The introduction of apps and gadgets which require a knowledge of coding has given extra momentum to those promoting the importance of learning coding, as have movements such as Code.org which holds live coding events.
A societal problem
Kate says that it is ironic that girls – and women – are less likely to be working in computer science when, historically, they were more likely to be involved with computer programming as it was deemed a secretarial-type job. That all changed when computers became cheap enough for people to have at home. “It’s not a gender thing,” she says, “it’s a society problem that we view computing as a male thing. We need to change. All young people need to think it is for them.”
One problem for school-aged children, she says, is that people think young people are all computer-literate because they are on social media all the time. “There’s a big difference between social media and programming,” says Kate. She adds that some coding courses aimed at kids only scratch the surface and don’t teach them to programme.
The people on the CodeClan course are all over 18 and they come from a broad range of backgrounds, from teachers and careers advisers to people working in retail and in catering. Kate says they are looking for the intellectual challenge involved in learning computational thinking and coding skills. She adds that they are not easy skills to learn, saying: “Part of the challenge is failing.” She believes anyone can learn coding, but only some will have an aptitude for it.
Getting into coding
Kate is developing a list of online resources to help people start their coding journey so they can try coding out before attending a course like the CodeClan bootcamp. The accredited course lasts 16 weeks and involves instruction from real software developers as well as trips to careers fairs and businesses to talk about jobs. There is also a chance to do a project which can be presented to potential employers. The first cohort completed the course only a month ago and the majority already have jobs. The course also counts as a credit towards a full degree so those take part can develop their skills further if they wish to.

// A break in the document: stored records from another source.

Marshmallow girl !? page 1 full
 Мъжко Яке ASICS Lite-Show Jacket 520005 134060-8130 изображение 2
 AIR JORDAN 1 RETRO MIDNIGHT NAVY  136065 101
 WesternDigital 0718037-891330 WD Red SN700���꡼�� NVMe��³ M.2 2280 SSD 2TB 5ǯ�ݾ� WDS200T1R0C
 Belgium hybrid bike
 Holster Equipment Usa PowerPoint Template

It is not just those who want a career in programming who can benefit from coding knowledge, though, says Kate. For people running their own businesses, there are big advantages to learning about programming, even if not to degree level. “If you understand it you run less risk of being ripped off and do not have to rely on taking experts’ word for it. You know better how long, for instance, setting up a website should take and how much it should cost and what is possible. You know how to customise things on the website and don’t have to pay out every time you want to change something small. It is empowering,” she says.